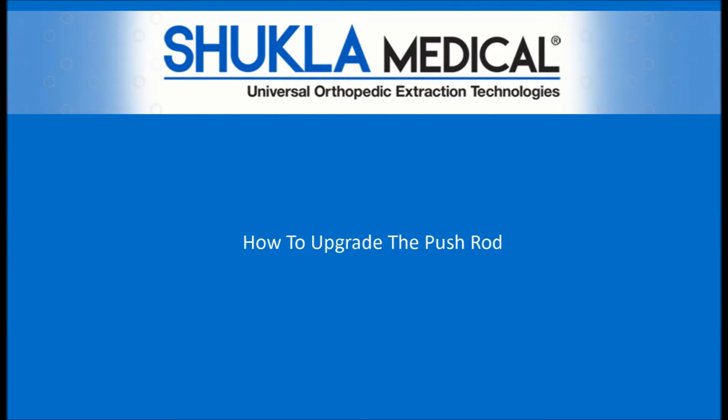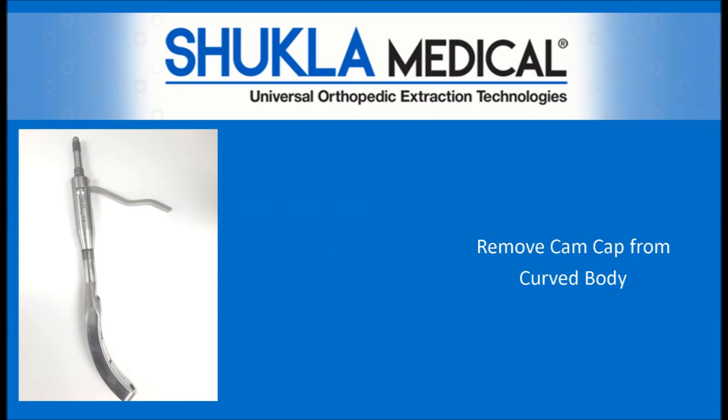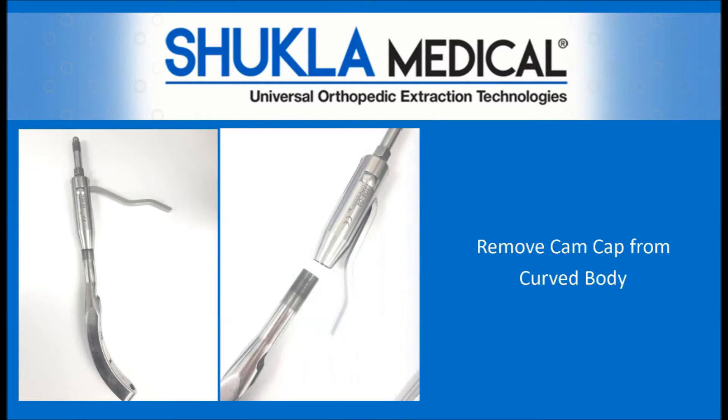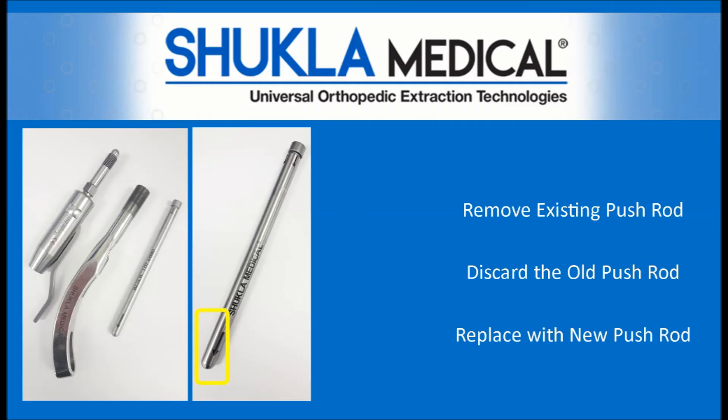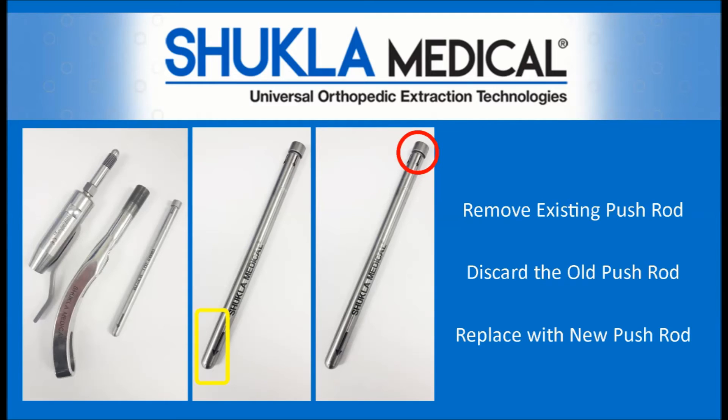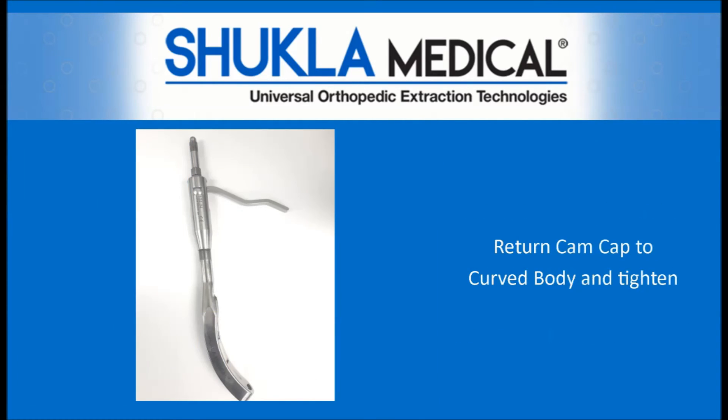To replace the pushrod, follow these simple instructions. Unthread the cam cap of the hip extractor from the curved body. Once opened, remove the existing pushrod, then discard it. Replace with the new pushrod using the arrow as a guide. The new end cap is going to ensure that you don't get that wrong. Then return the cam cap to the curved body and tighten.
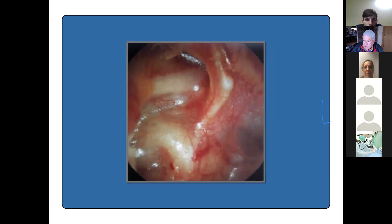Asuk from India is called on but is not getting the picture of the tympanic membrane on his screen, so we move on to Karen.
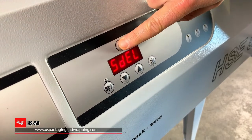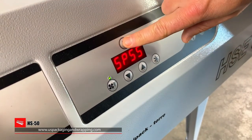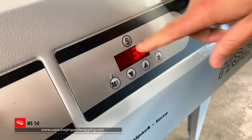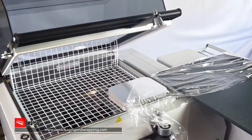Digital controls make changing temperatures, shrink times, and seal settings quick and easy. The HS50 One-Step Machine offers up to 10 product presets. The machine will recall seal and heat settings based on the product preset parameters.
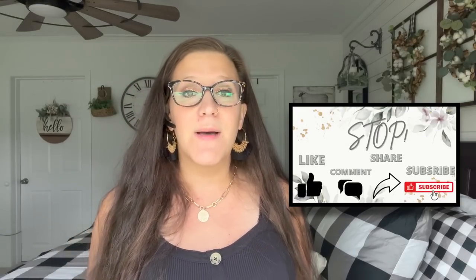Hey friends, welcome or welcome back to All Things Crafty where I love to do DIY on a budget, especially farmhouse decor. If that's something you're interested in, I would love if you would stick around and become part of our crafty family by clicking that red subscribe button and then the bell, so you're notified every single time I upload.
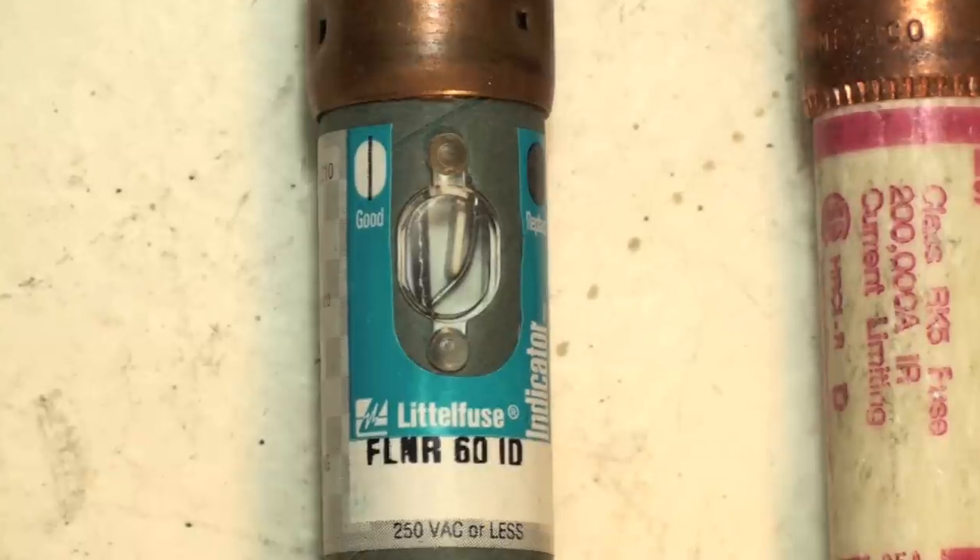There are fuses that will actually show you what's wrong. The little glass fuses do it, but these cartridge fuses have it too — well, this one does. Without a meter, you can tell if it's blown, and that's the window fuse.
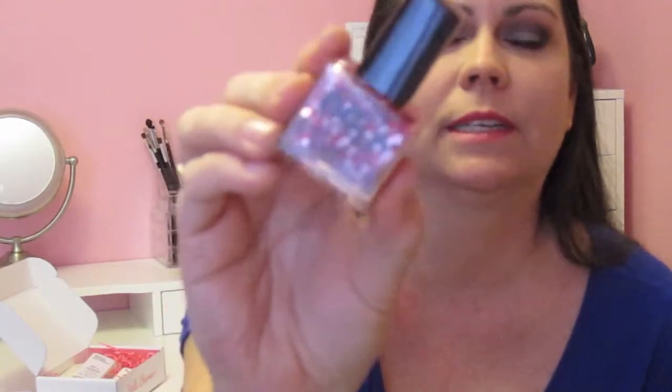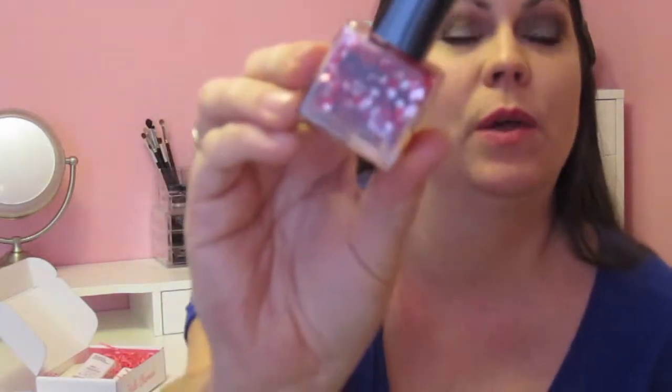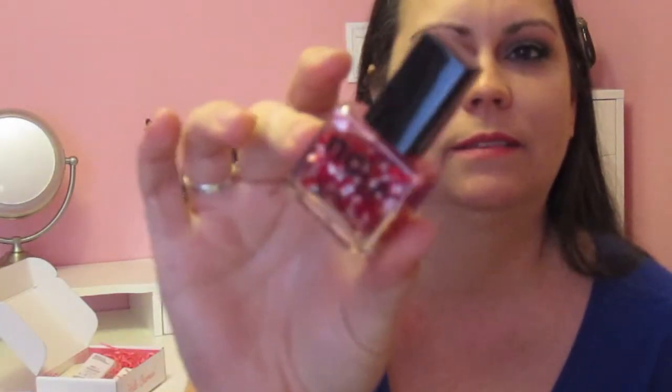The next thing is a nail polish from NCLA. It's called Heart Attack — it's just a clear base with little red and pink hearts. That was cute for Valentine's Day, but I actually got my box just a couple of days after Valentine's Day, but it's okay.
—————
Try it:
All lines from the beginning of the material above through the line holding "Hey friends, welcome" are to be given again exactly, and no others; pictures do not go in.

Your solution:
To replace the pushrod, follow these simple instructions. Unthread the cam cap of the hip extractor from the curved body. Once opened, remove the existing pushrod, then discard it. Replace with the new pushrod using the arrow as a guide. The new end cap is going to ensure that you don't get that wrong. Then return the cam cap to the curved body and tighten.
Asuk from India is called on but is not getting the picture of the tympanic membrane on his screen, so we move on to Karen.
Digital controls make changing temperatures, shrink times, and seal settings quick and easy. The HS50 One-Step Machine offers up to 10 product presets. The machine will recall seal and heat settings based on the product preset parameters.
Hey friends, welcome or welcome back to All Things Crafty where I love to do DIY on a budget, especially farmhouse decor. If that's something you're interested in, I would love if you would stick around and become part of our crafty family by clicking that red subscribe button and then the bell, so you're notified every single time I upload.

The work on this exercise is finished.